As for Time Freeze, that's a godlike ability, if there ever was one. Even in supers games or universal systems that had such an ability, it was handled as a sort of paralysis at a huge area of effect or was incredibly expensive to acquire. To use Hero terminology, Time Freeze is definitely a "Stop Sign" ability, meaning that this ability had the potential to be game-breaking, or at least highly unbalanced in comparison to other abilities, and should be used with the greatest of care.
As I stated before, the only balancing mechanism OVA really has in relation to ability power is an Endurance cost, and since that will be removed for all abilities (except for Magic), we've yet to see how these super-power abilities will be balanced with the more mundane ones, if that is a design goal at all. OVA, however, is designed to create a character that matches his concept first and foremost, and balance within abilities is a secondary or tertiary concern.
If there was a section in OVA Revised that specifically stated, "The abilities available at character creation is solely up to the discretion of the GM", that would be great.
Posted: Sun Mar 07, 2010 4:23 pm
by Tubercular Ox
Another option for Time Freeze is to remove its ability to give you extra actions in combat, and instead make that part of Time Freeze a Power Perk.
+X (10? 20?): You can use this ability after having already acted in the round, at no penalty for multiple actions.

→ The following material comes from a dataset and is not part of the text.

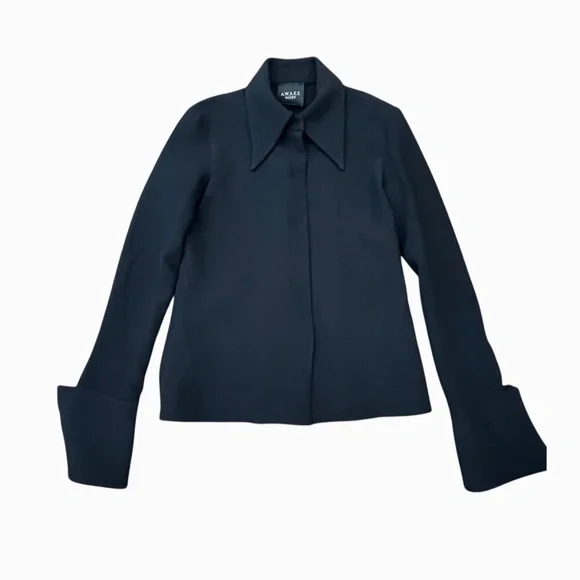 A.W.A.K.E. Mode Structured Shirt Black Size 40 - Picture 3 of 12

I have a player whose character has a gun blade (yeah, yeah...) built exactly this way. He has Time Freeze +3 and Suppressed Power -3: Can only use time freeze when he hits someone with his sword, and can only use it to fire the gun. It's effectively a +10E: Can fire gun in same round he hits with sword.
Posted: Sun Mar 21, 2010 5:49 pm
by Clay
Yeah, I'm steadily thinking Time Freeze should be relegated to a special case Ability defined by Players and Game Masters instead of one explicitly described in the game. If I keep it at all, I'll probably change the name and make it a general extra-actions type Ability.
The Perk idea is interesting. I'll have to keep that in mind, Ox.
bushido: I think this is stated under "Step 0" of character creation. If not, I'll make sure it's more explicitly stated in the revised edition.
I wonder if Invisibility should be reworked to be "Undetectable" and be more ambiguously worded as "invisible to one sense" at lower levels and multiple at higher. This way the same Ability can be used for someone who can become absolutely silent, or odorless, or other such things. But maybe not.